[Entries supplied]
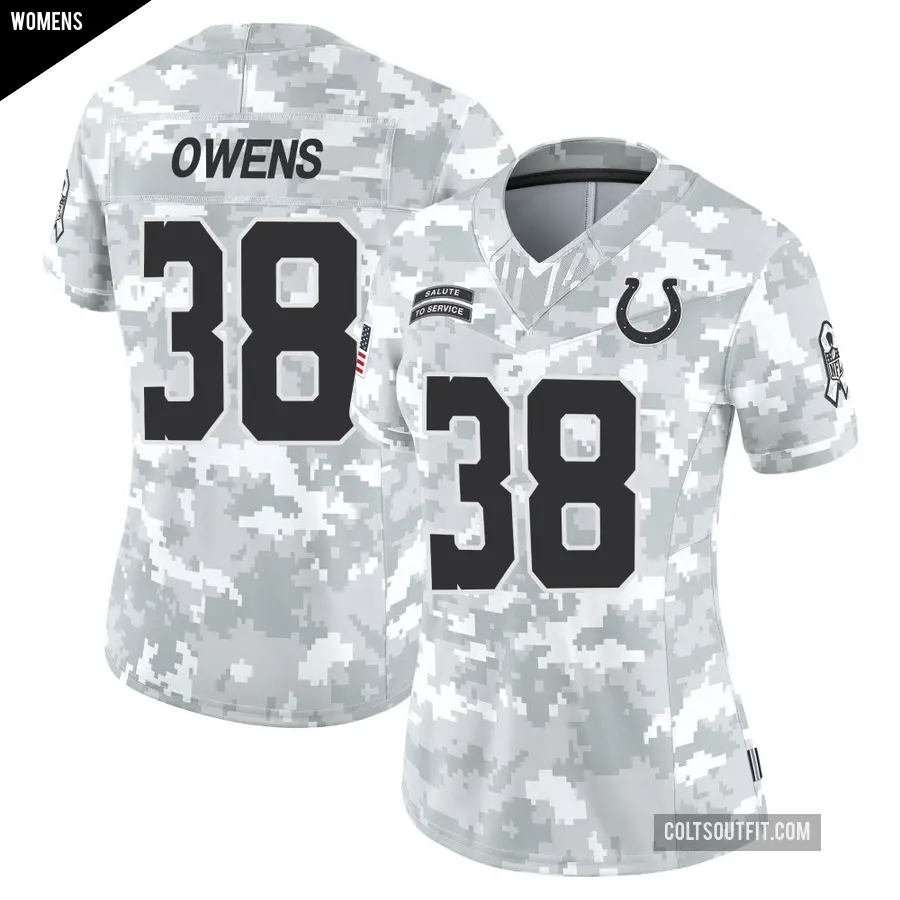 Women's Indianapolis Colts ＃38 Jonathan Owens Arctic Camo Limited 2024 Salute to Service Jersey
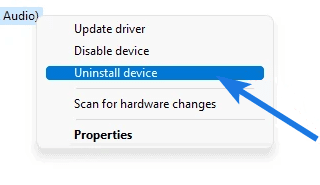 Select Uninstall device option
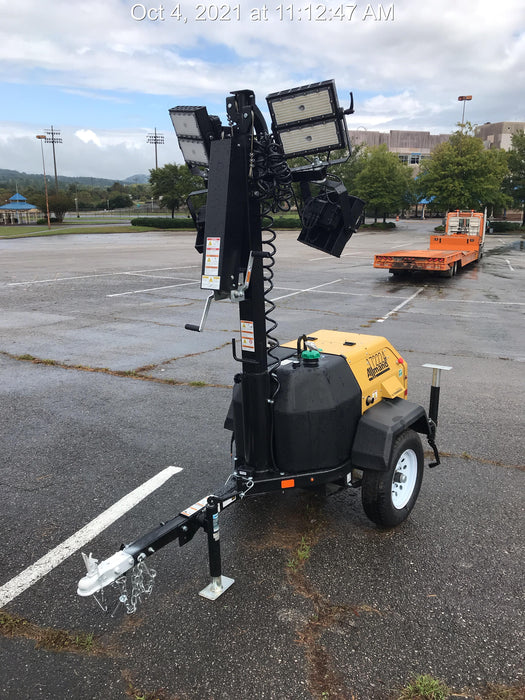 2021 Allmand NLV3GR (4) LED Light Fixture 350W, 23' Vertical Mast, 3kW Prime, Towable, Deep Sea L401, Leveling Jacks, Yanmar T4F 5.8hp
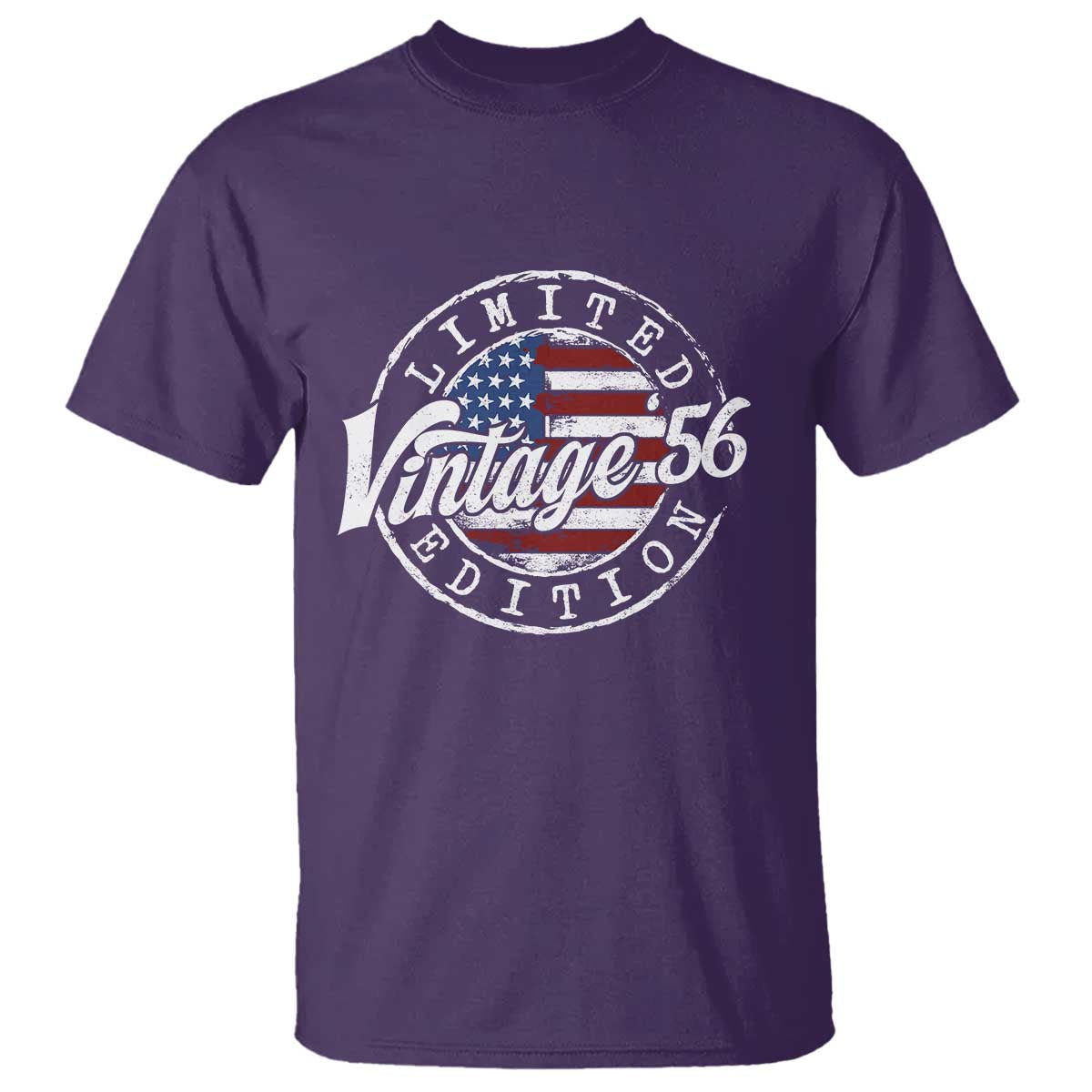 Funny 70th Birthday T Shirt Vintage 1956 Stamp 70 Years Old American Flag TS11 Purple Print Your Wear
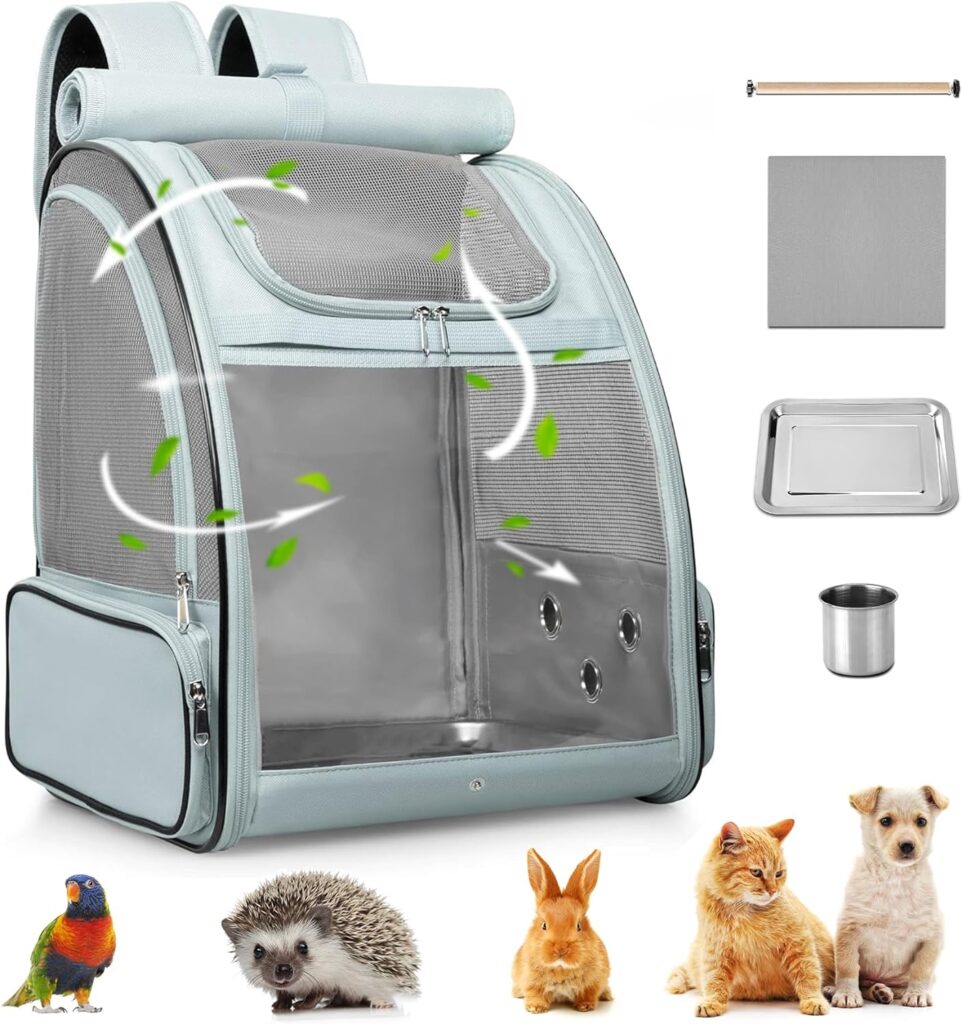 Bird Carrier Backpack Cage (Space Grey), Carrier with Stainless Steel Foodbowl and Stainless Steel Tray  Wooden Standing Perch, Bird Travel Cage for Small Birds, Green Cheek, Cockatiel, Parrot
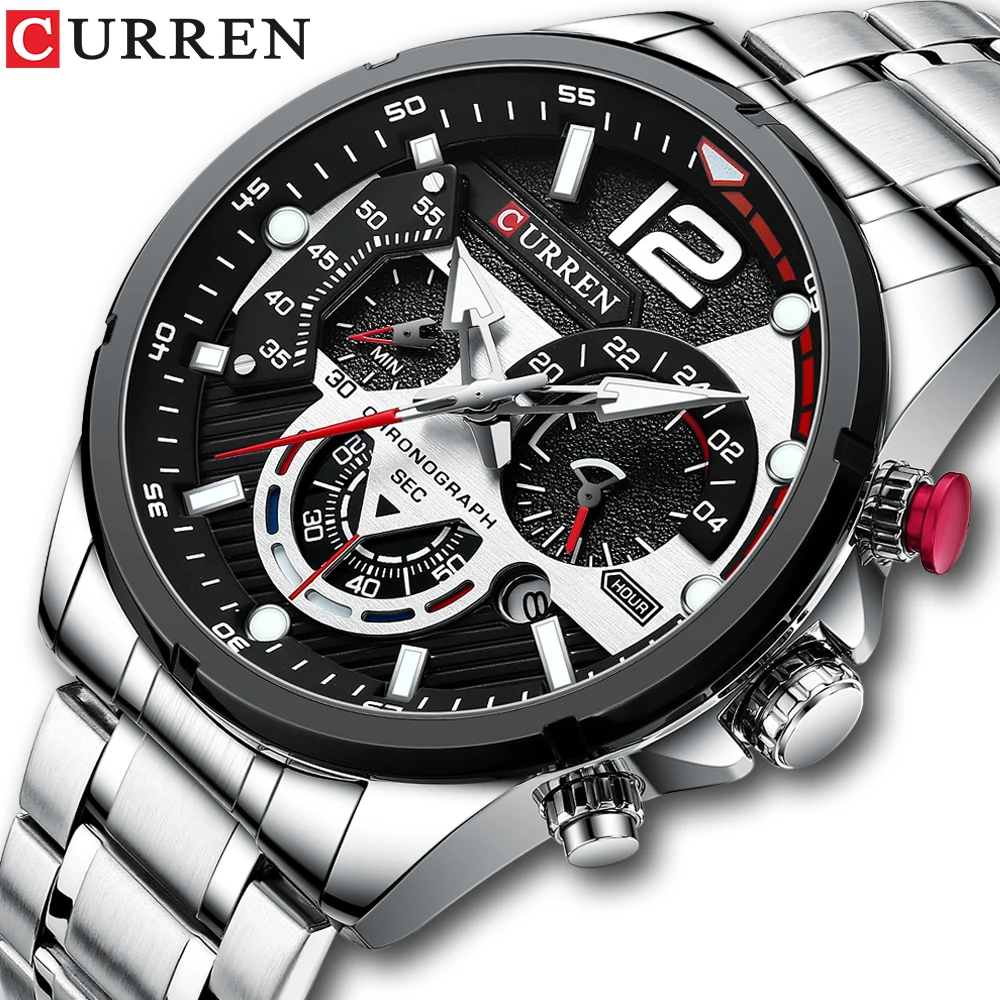 2021 CURREN 8395 Top Luxury Brand Sport Wristwatches Men Luminous Quartz Watch Casual Chronograph Stainless Steel Male Clock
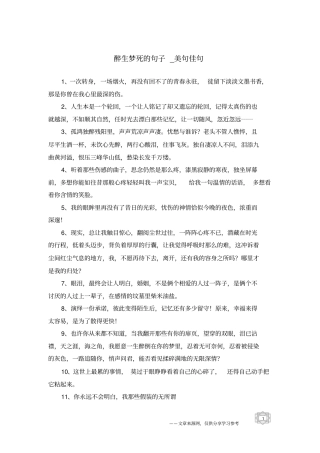 醉生梦死的句子-美句佳句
[/Entries supplied]
▶ Exercise details: All pictures should be dropped; the lines from the one containing "2021 CURREN 8395" through the last line of the material are to be set down exactly.

▶ Solution below:
 2021 CURREN 8395 Top Luxury Brand Sport Wristwatches Men Luminous Quartz Watch Casual Chronograph Stainless Steel Male Clock
 醉生梦死的句子-美句佳句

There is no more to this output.